Stepashin declared that he was in no way beholden to certain business groups -- code for the oligarchs close to Yeltsin. Then, with a laugh, he quickly added that he hoped those groups wouldn't take offense at his remark.

Maybe they did. President Yeltsin yesterday ousted Stepashin, barely leaving time for the prime minister to get over jet lag from a trip that was touted as his first opportunity to get acquainted with President Clinton, Vice President Gore, and other senior members of the Clinton administration. One journalist at a State Department briefing yesterday suggested that the joint troubleshooting body once known as the Gore-Chernomyrdin Commission should now, four prime ministers later, be called "the Gore-Fill-in-the-Blank Commission."

Most analysts said that the game of musical chairs at the top of the Russian government deepens the problem for U.S. foreign policy makers in dealing with a weak leadership. Having staked much on standing firmly behind Yeltsin, the United States confronts the reality that Yeltsin is more and more unpredictable and seems incapable of settling on, much less effectively promoting, a plausible candidate to succeed him as Russia's leader.

"There is not much you're going to be able to accomplish until Russia goes through a transfer of power," said Thomas Graham, a former U.S. diplomat who is now a senior associate at the Carnegie Endowment for International Peace. "This is not a Kremlin focused on foreign affairs, but rather on political issues and the survival of a small group."

Yet some fear the transfer of power as much as the current confusion of power. The leading candidates for next year's presidential election in Russia are "a communist, a spymaster and a corrupt mayor," Graham noted. "After eight years of promoting reform in Russia, look what we've come up with." Said Marshall Goldman, a professor at Wellesley College: "There doesn't seem to be a best-case scenario. None of the people look like they'll do the right things."

Officially, the Clinton administration was taking the ouster of Stepashin in stride.

"I don't think we should blow this out of proportion," said State Department spokesman James P. Rubin, who added that the United States would continue to press for arms control and economic reform. "Government heads do change, and yet governments work with each other on substance, on issues of concern. And as the famous dictum goes, `Countries act in their national interest, not on the basis of one person or another.' "

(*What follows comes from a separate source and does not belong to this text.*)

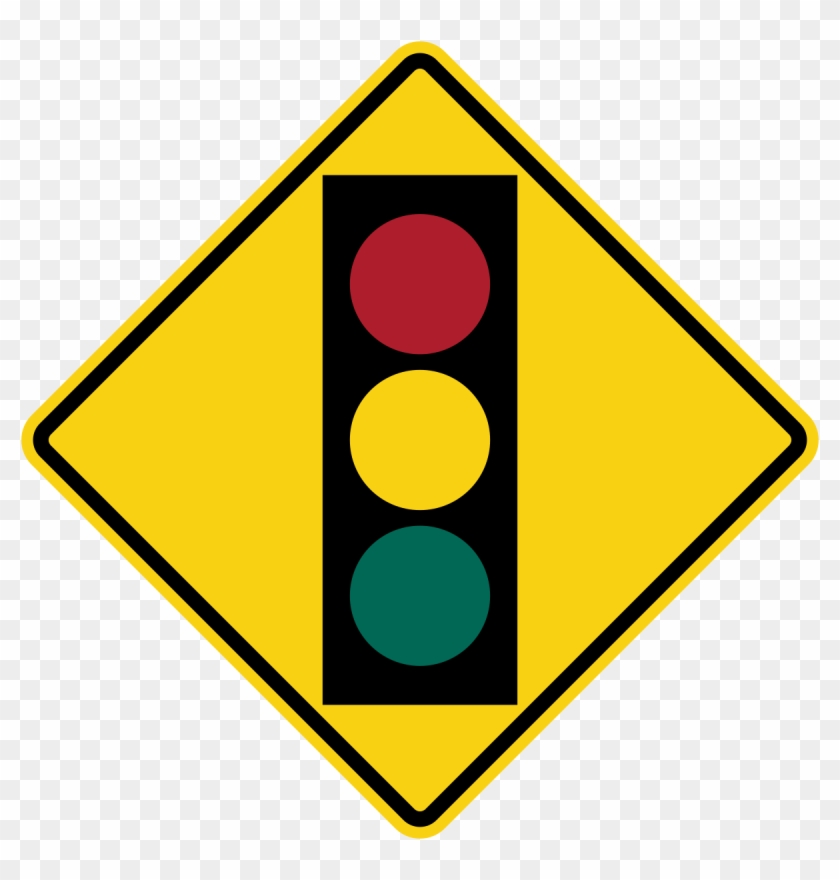 Bump Ahead Street Sign Clip Art - Traffic Light Sign Png #1467399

Other administration officials said they were not surprised at Stepashin's dismissal. "That's why we're focusing on objectives and goals and not on who's up and who's down in the Kremlin," said one White House aide.

Administration officials said they expect to be able to work effectively with Stepashin's successor, Vladimir Putin. At the same time, they added that Putin, a former spy and internal security chief, was largely unknown, was not strongly identified with any camp in Russia and had little direct contact with American officials until recently.

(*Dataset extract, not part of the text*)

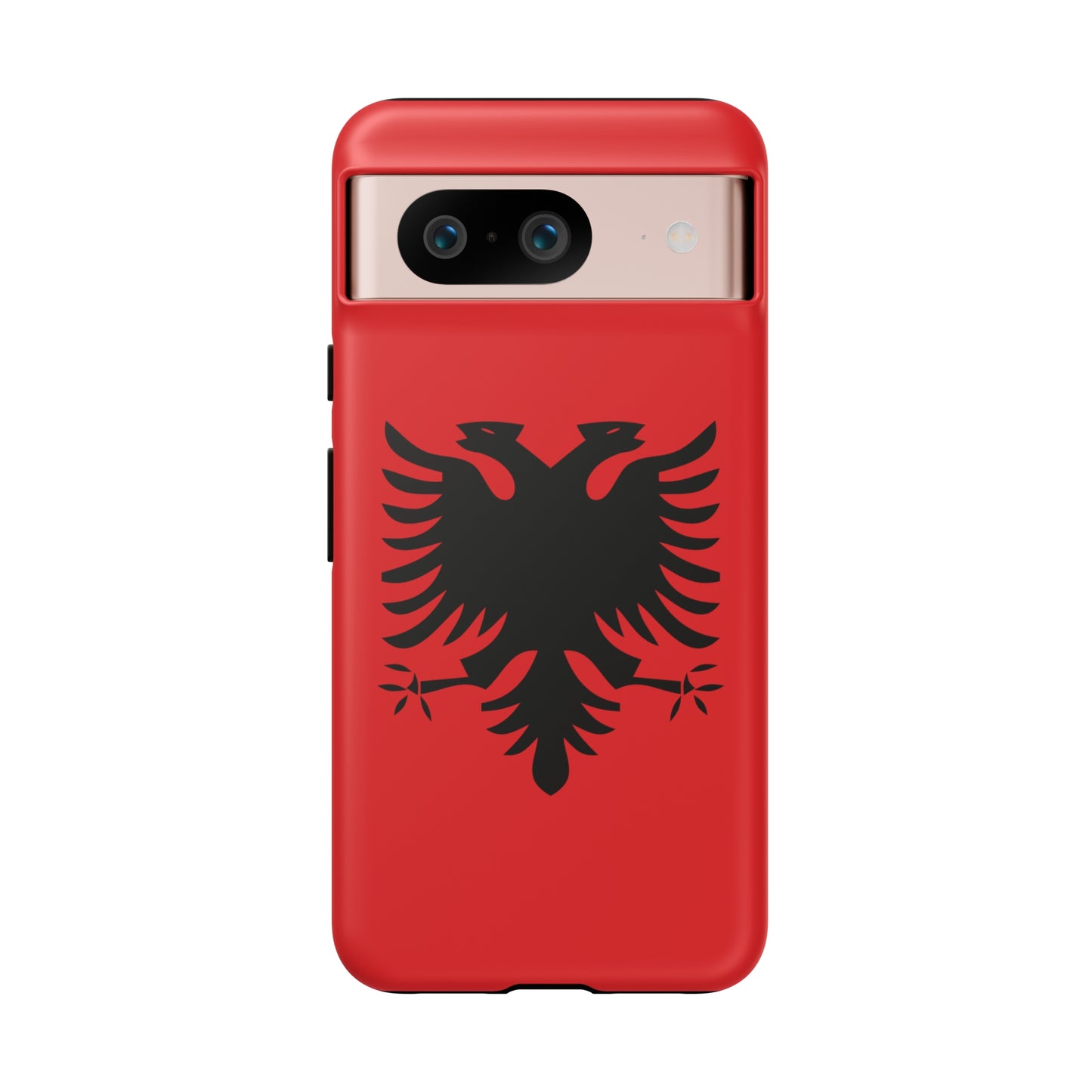 T5 Minimalist Albanian Flag Two Headed Eagle Smartphone Case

Putin met with Deputy Secretary of State Strobe Talbott as part of the June effort to resolve the crisis over the arrival of Russian troops at the Pristina airport in Kosovo. He also spoke by phone with national security adviser Samuel R. "Sandy" Berger after the Clinton-Yeltsin summit in mid-June. During Stepashin's recent visit to Washington, it was announced that Putin and Berger would resolve a dispute over the number of Russian spies in the United States.

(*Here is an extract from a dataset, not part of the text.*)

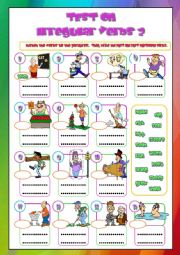 English Worksheet: TEST on IRREGULAR VERBS 2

"He seems like a bright guy, reasonably aggressive," said a State Department official. "Whether he can build support for himself electorally or politically remains to be seen."

The appointment of Putin coincides with an escalating conflict between Russian troops and Islamic guerrillas in Dagestan, a province in southern Russia at the border with breakaway Chechnya. American officials worry that the fighting could presage a repeat of the bloody Chechen conflict.

"We are following the situation very closely," Rubin said. "Obviously, Dagestan is a very volatile region, and the situation there is very complex."

The echo of Chechnya and the latest Yeltsin maneuver prompted a renewal of criticism from Russia experts who say the Clinton administration has staked too much on Yeltsin personally and has failed to distance itself from his questionable policies, ranging from rigged auctions of state property to the bombing of Chechnya.

That failure will hurt the United States in the future, even if Yeltsin has been able to deliver on many key issues, said Goldman, the Wellesley professor. "The U.S. should have taken a tougher line from the beginning," going back at least to Yeltsin's decision in 1993 to shell the parliament building, he said. "We have no credibility."

A U.S. official responded that there is no alternative to standing by Yeltsin: "He's the elected president of the country. It's not for us to micromanage Russian politics."